Entre os pratos mais tradicionais de pinhão estão também os consumidos após cozimento em água e o que chamam de “sapecada”, em que são jogadas as sementes em uma fogueira de grimpas (galhos secos do pinheiro) , além dos pinhões assados na chapa do fogão à lenha. Os hábitos do passado são apreciados por turistas,. Mas as perspectivas na culinária são muito maiores.
“As mulheres são fundamentais na cadeia produtiva do pinhão, pois somos nós que fazemos os testes e inventamos receitas de pratos. A gastronomia é essencial para o turismo e eu sou apaixonada pela araucária”, afirma Valsíria Kuhnen Ribeiro, ativista de duas associações, a de produtores, Renascer, e a de turismo, Acolhida na Colônia, em Urubici. Ela também faz parte do PAT Planalto Sul.

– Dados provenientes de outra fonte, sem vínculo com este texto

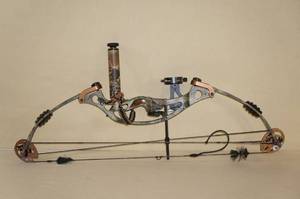 lot 3 image: Hoyt Rintec RH Compound Bow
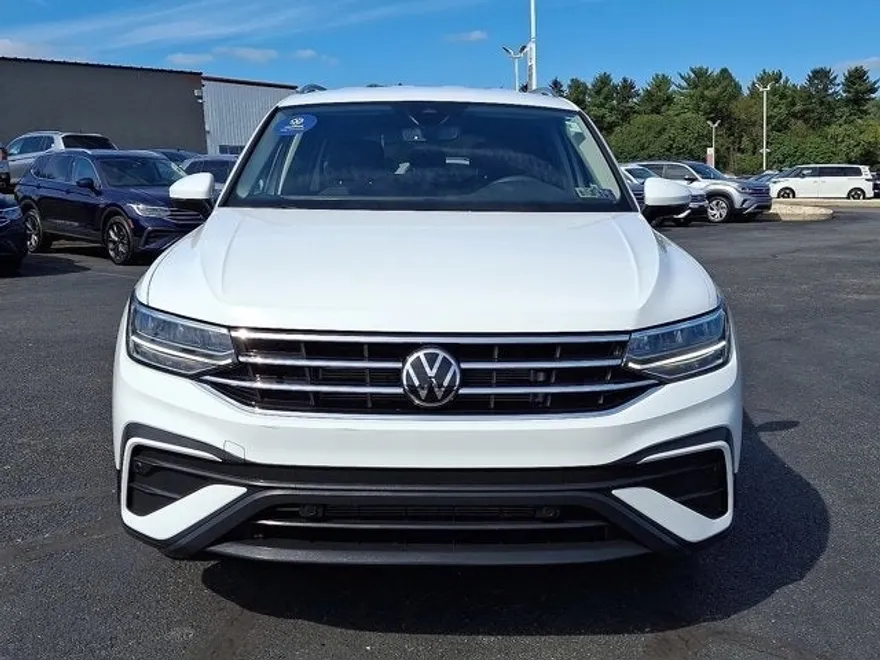 2022 Volkswagen Tiguan SE photo 1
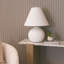 Dessus en marbre rose Milos avec table basse en bois de chêne brun clair-133044036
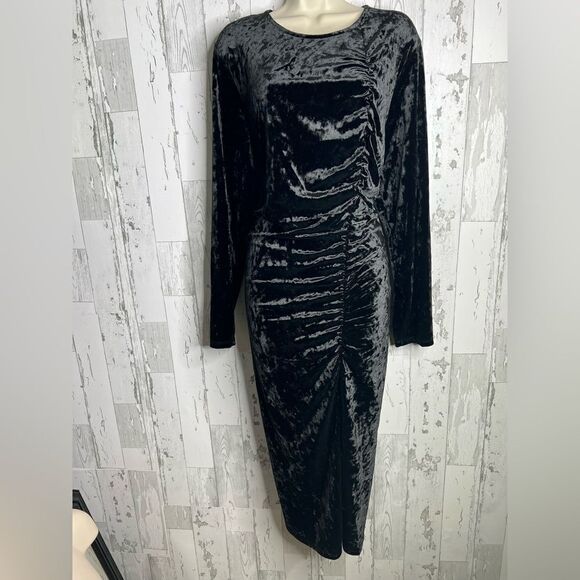 Future Collective Women Dress Ruched Long Sleeve Open Back Black Size 1X NEW - Picture 1 of 13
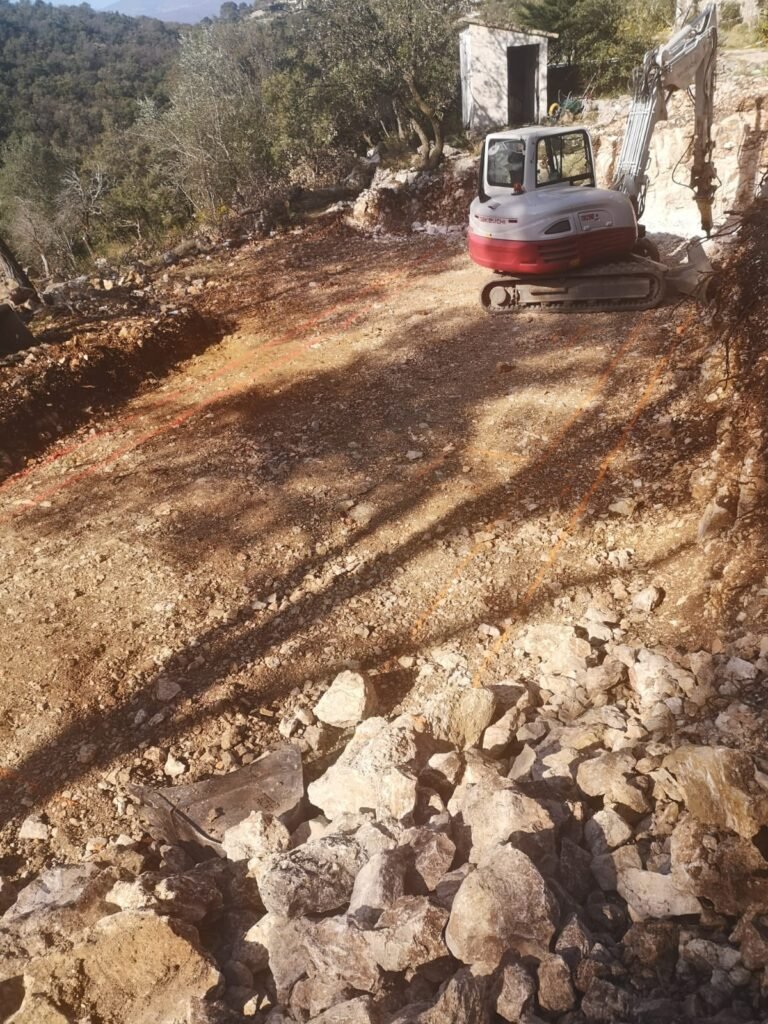 Terrassement rocheux brise-roche hydraulique plateforme mini-pelle à Saint-Vallier-de-Thiey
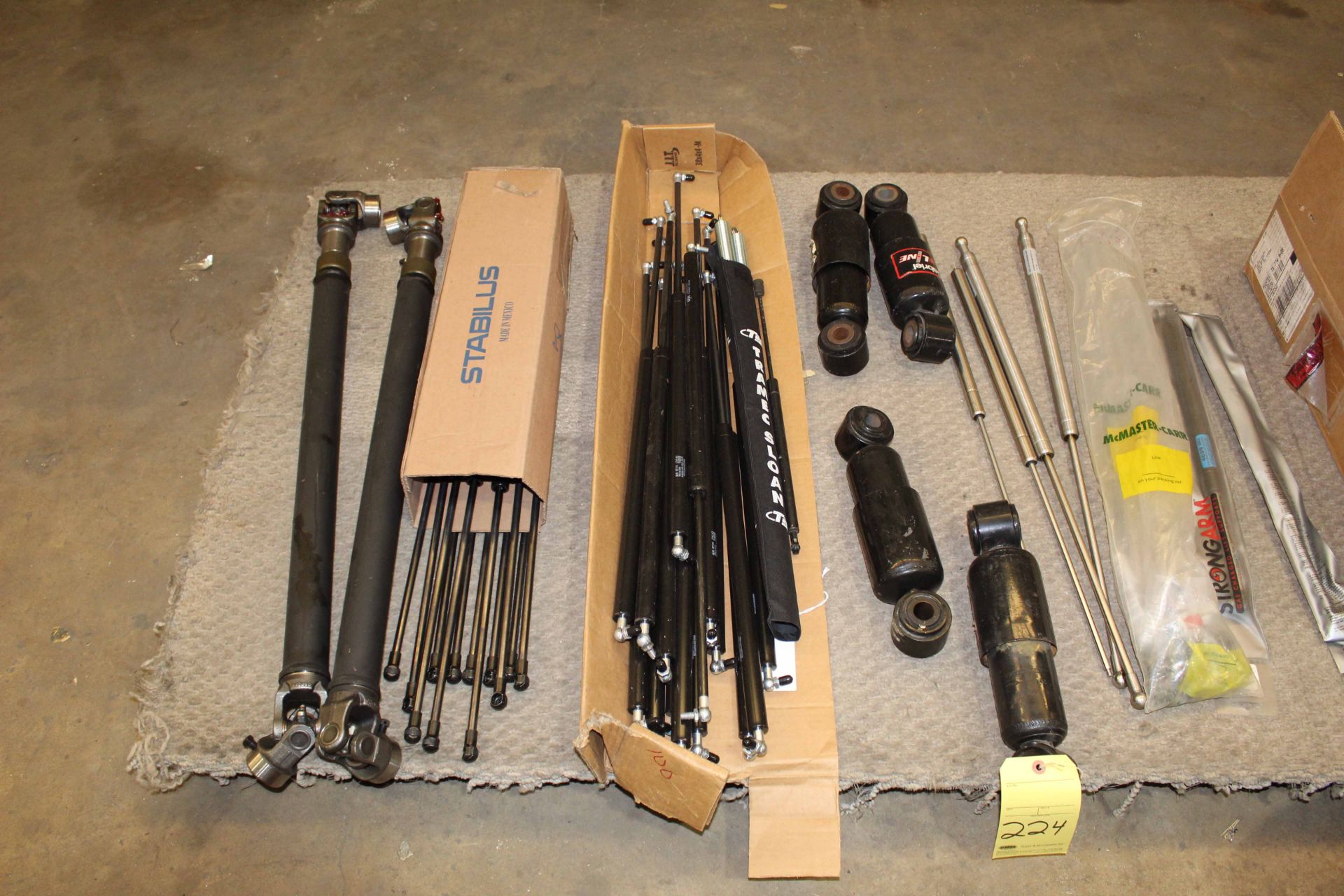 LOT OF TRAILER PARTS (on one pallet) - Image 2 of 5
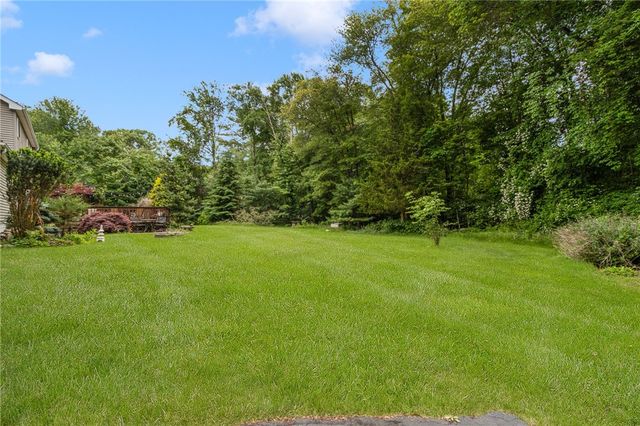 2 Daniel Way, Scituate, RI 02831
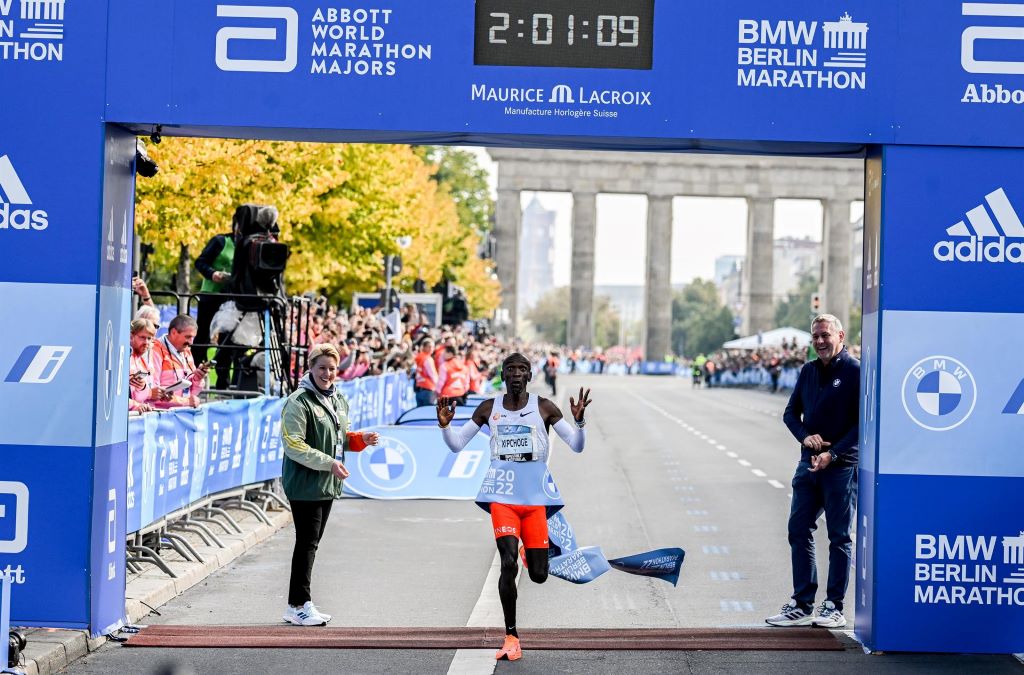 Kipchoge rompió su propio récord mundial - noticiacn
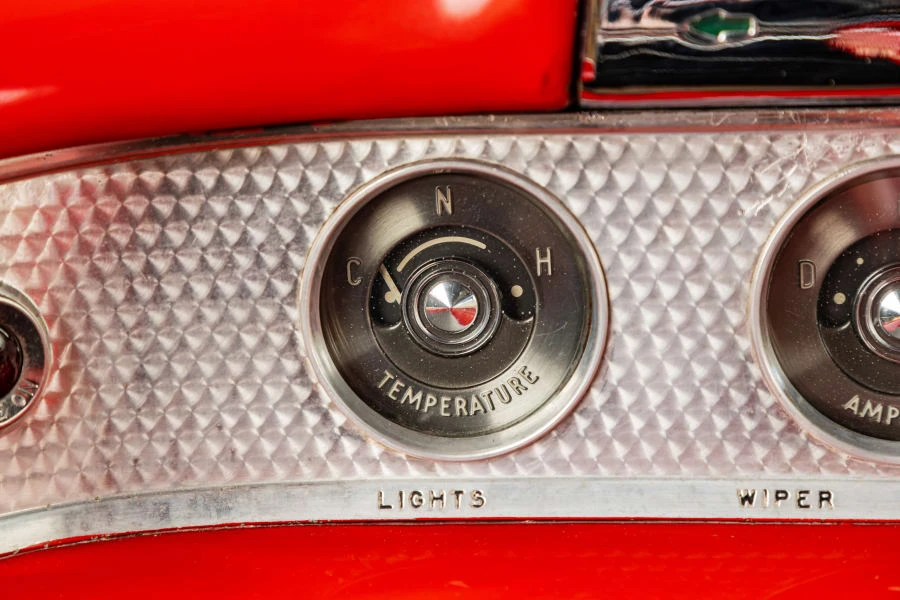 1954 Buick Roadmaster - Image 26 of 31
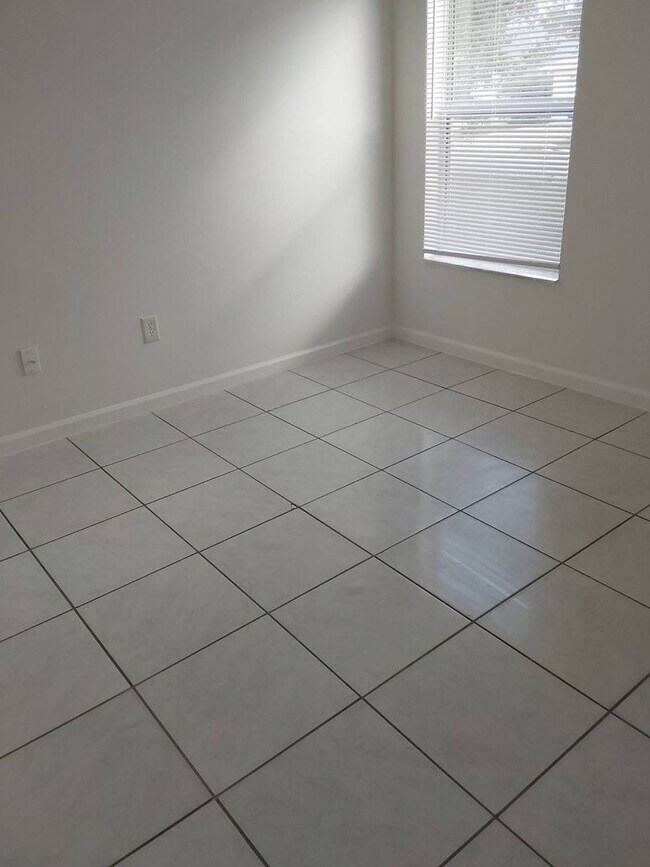 Building Photo - 21 Prospect Ln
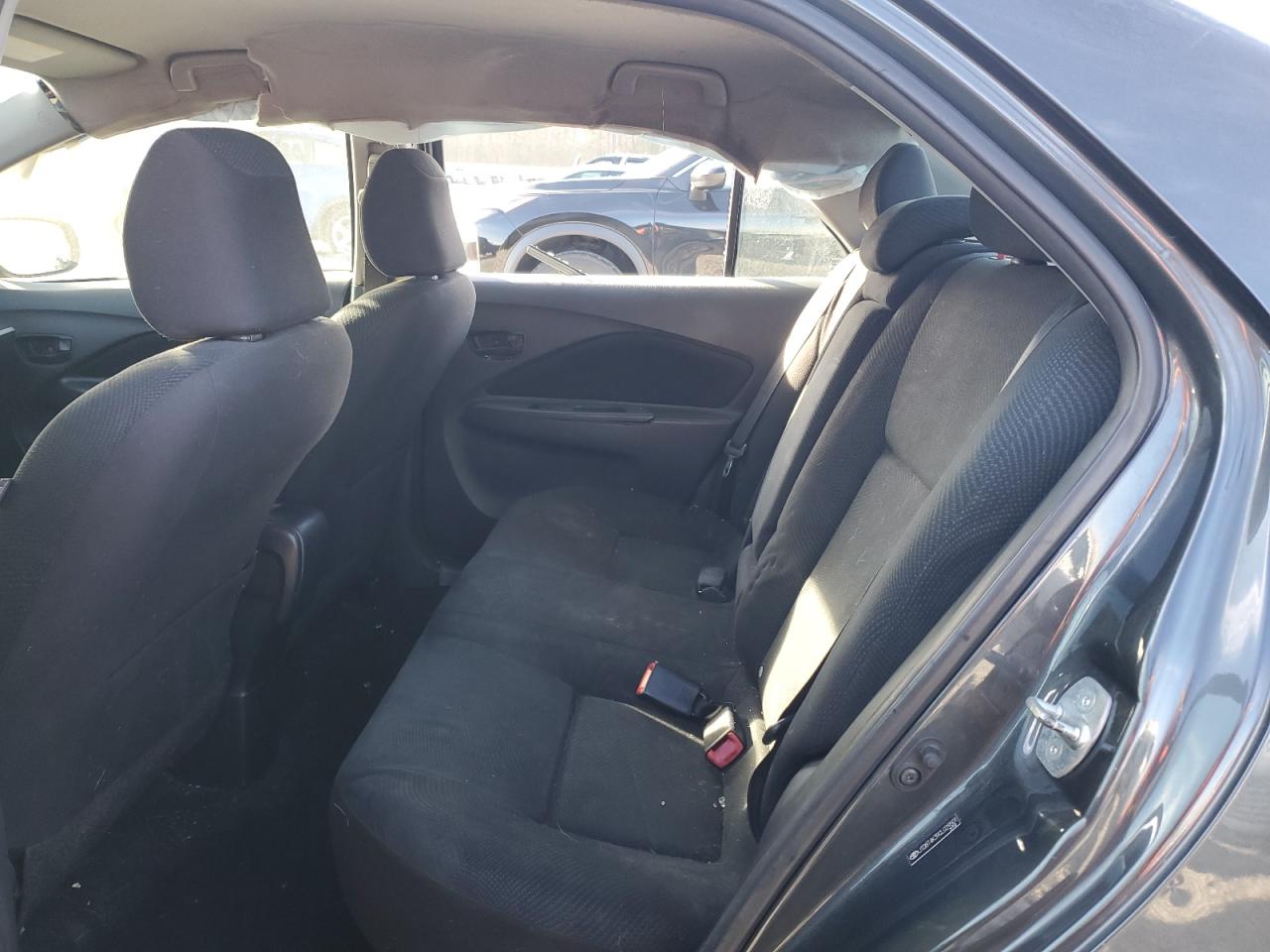2012 Toyota Yaris - Image 10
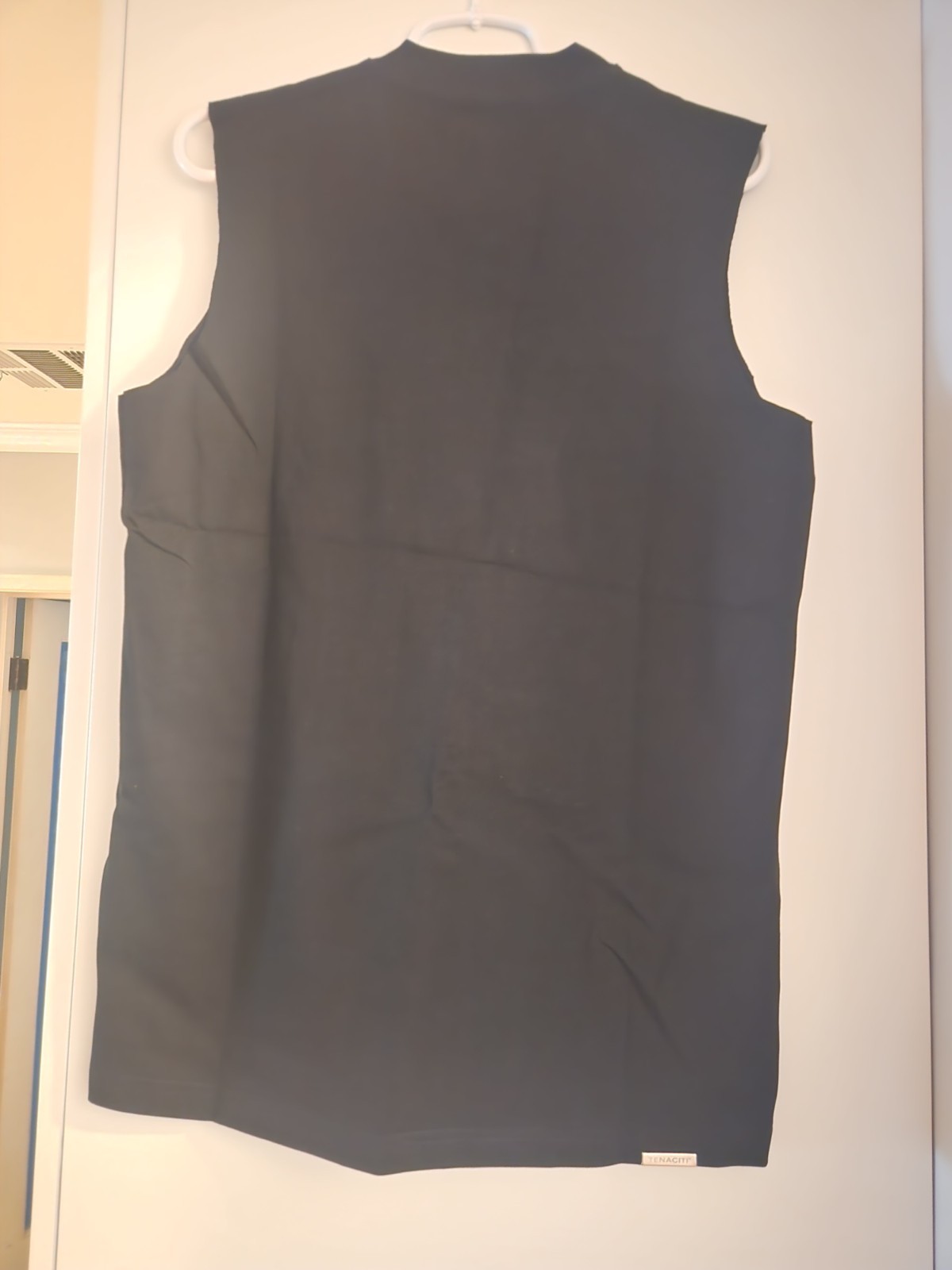 Tenaciti Studios Streetware Cut Off T-SHIRT NWT. MSRP $120. XS Oversize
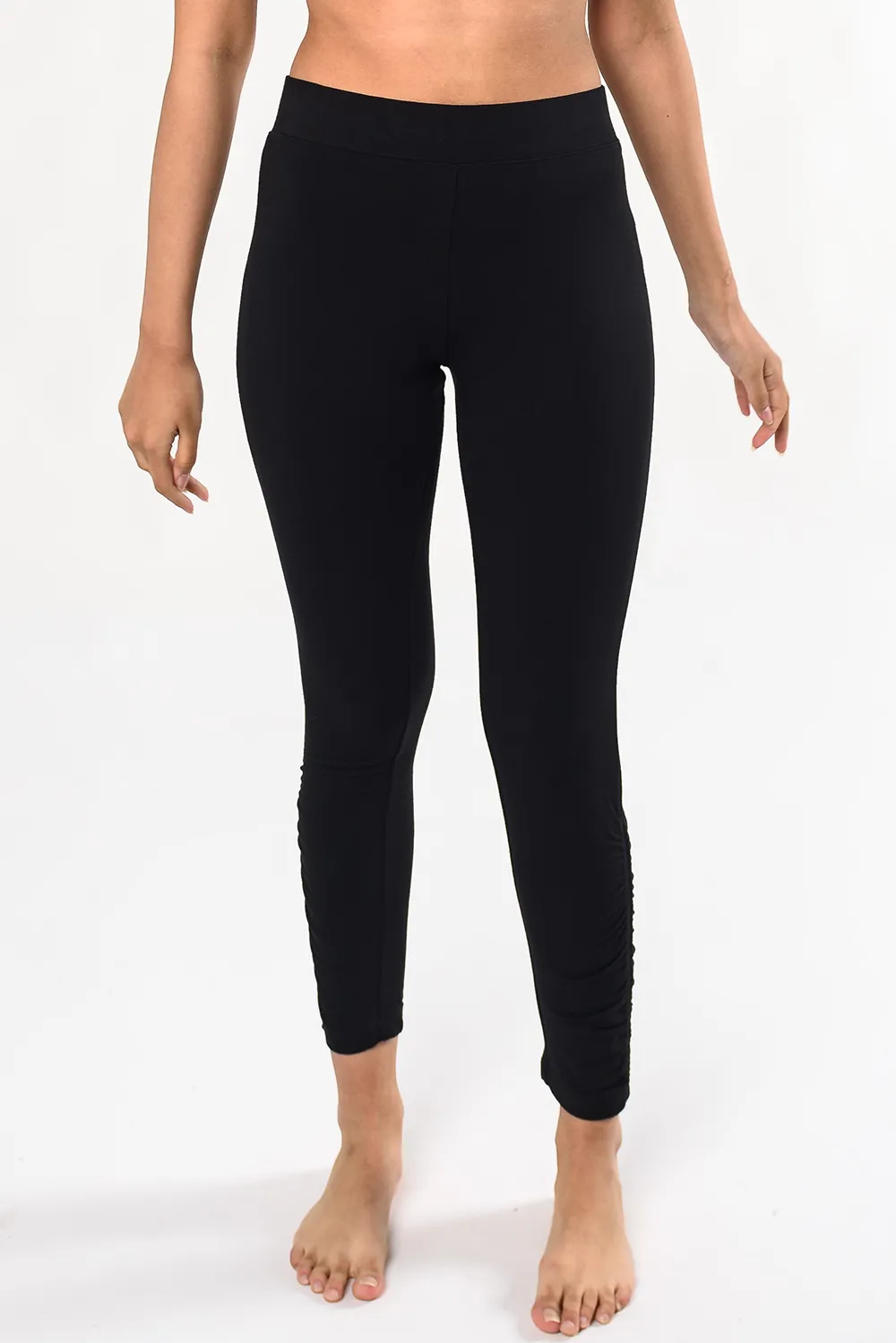 Ruched Movement Bamboo Legging - Black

Valsíria investe no agroturismo desde 2011 e diz que todos os alimentos que serve são feitos com produtos plantados por ela. Ela também viaja para buscar novos conhecimentos nos estados e cidades onde há projetos com base nas oportunidades oferecidas pelas florestas do pinheiro brasileiro tanto na área de manejo de mudas como na gastronomia. Já tem experimentos de diversas receitas que inventou e aprendeu com pinhão. Canjicas, churrasco vegetariano, nhoque, omelete, pão. Também faz teste com congelamentos dos produtos, já que a semente in natura ela diz que perde o sabor. E prepara o tradicional sagu da Região Sul, substituindo a fécula de mandioca por pinhão, que naturalmente fica granulado quando processado. Uma de suas expectativas em relação ao PAT é a aquisição de máquinas que justamente ofereçam a possibilidade de transformar a textura do pinhão processado para a fabricação de farinhas e a ampliação das opções gastronômicas.
“A atividade de extrativismo do pinhão necessita de um olhar atento do poder público e da sociedade, pois os frutos deste trabalho beneficiam as comunidades envolvidas, mas também a conservação de um ecossistema ameaçado e o bem-estar das futuras gerações”, finaliza Luthiana Carbonell, coordenadora do PAT Planalto Sul (IMA-SC).